[What is needed] Nothing below is to be printed except the lines between the line holding "Люкс Дюплекс, Boutique Hôtel Château Rouher" and the line holding "Вилла на Миконосе, Греция, 125 м² - фото 6", inclusive, each exactly as it appears.

[Data to examine]
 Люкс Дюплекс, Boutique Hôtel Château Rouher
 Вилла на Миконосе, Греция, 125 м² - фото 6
--
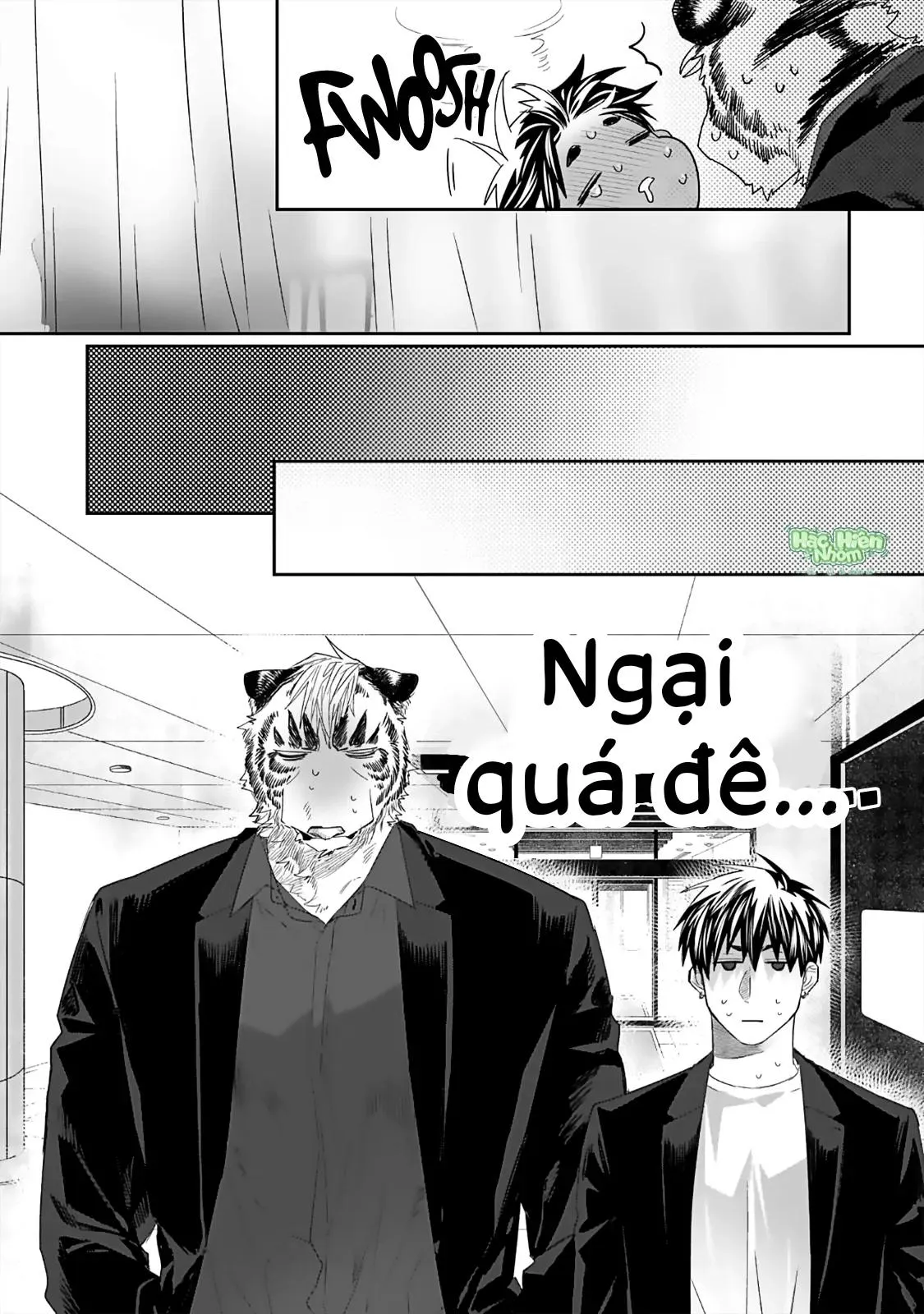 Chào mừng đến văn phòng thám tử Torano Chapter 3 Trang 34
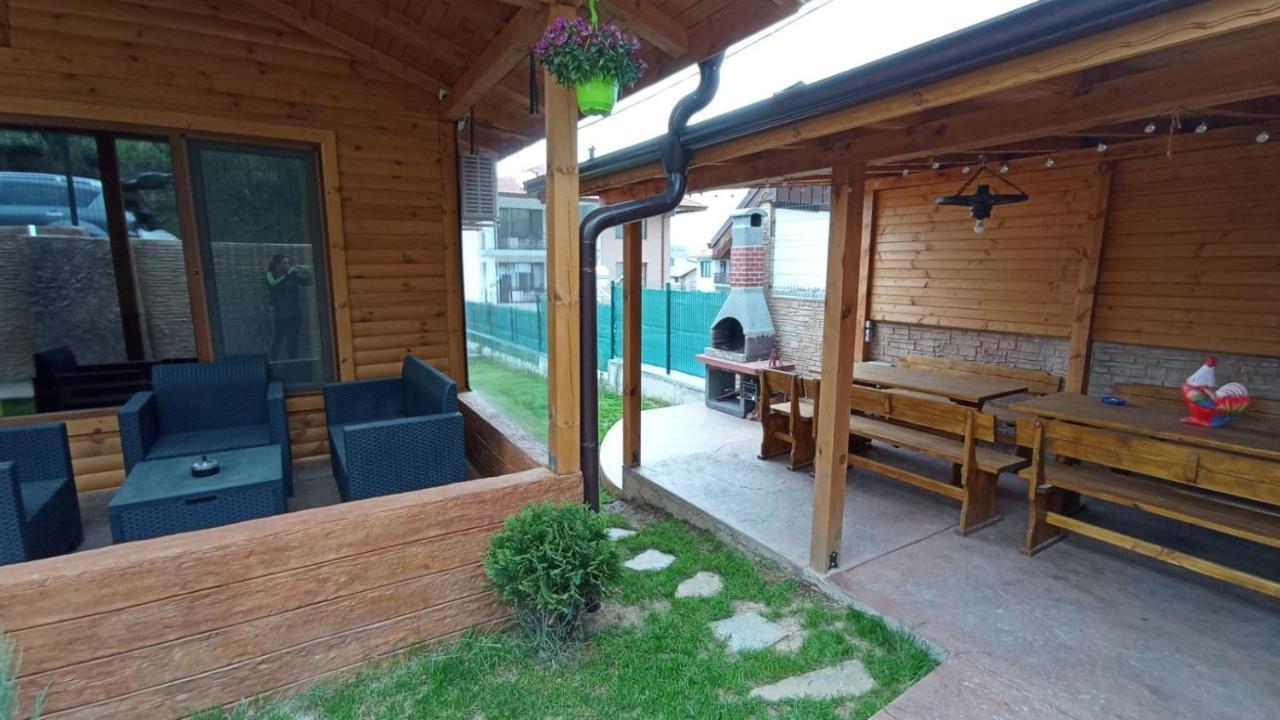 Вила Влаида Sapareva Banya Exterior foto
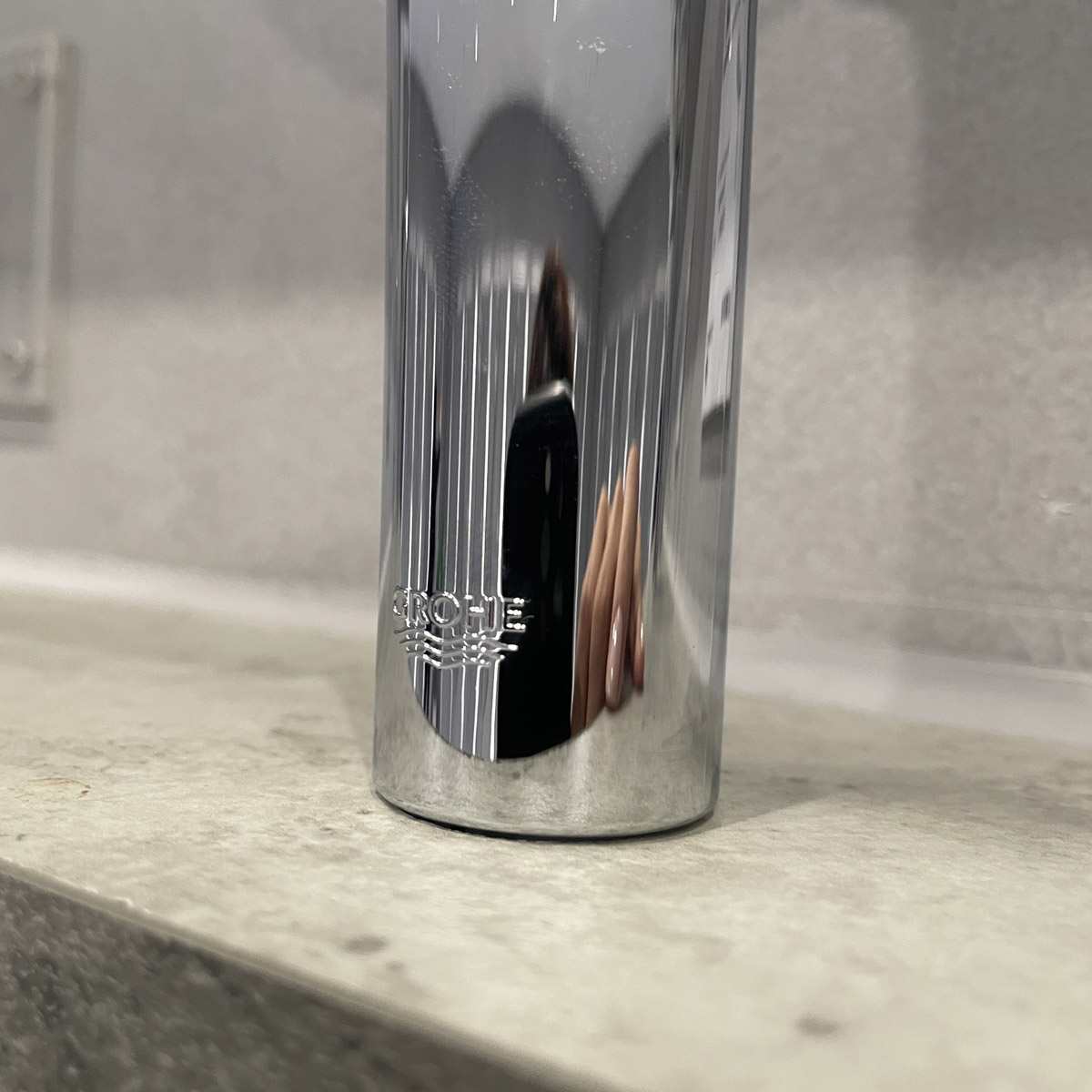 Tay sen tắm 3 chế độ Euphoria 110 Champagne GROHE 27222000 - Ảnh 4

[Written solution]
 Люкс Дюплекс, Boutique Hôtel Château Rouher
 Вилла на Миконосе, Греция, 125 м² - фото 6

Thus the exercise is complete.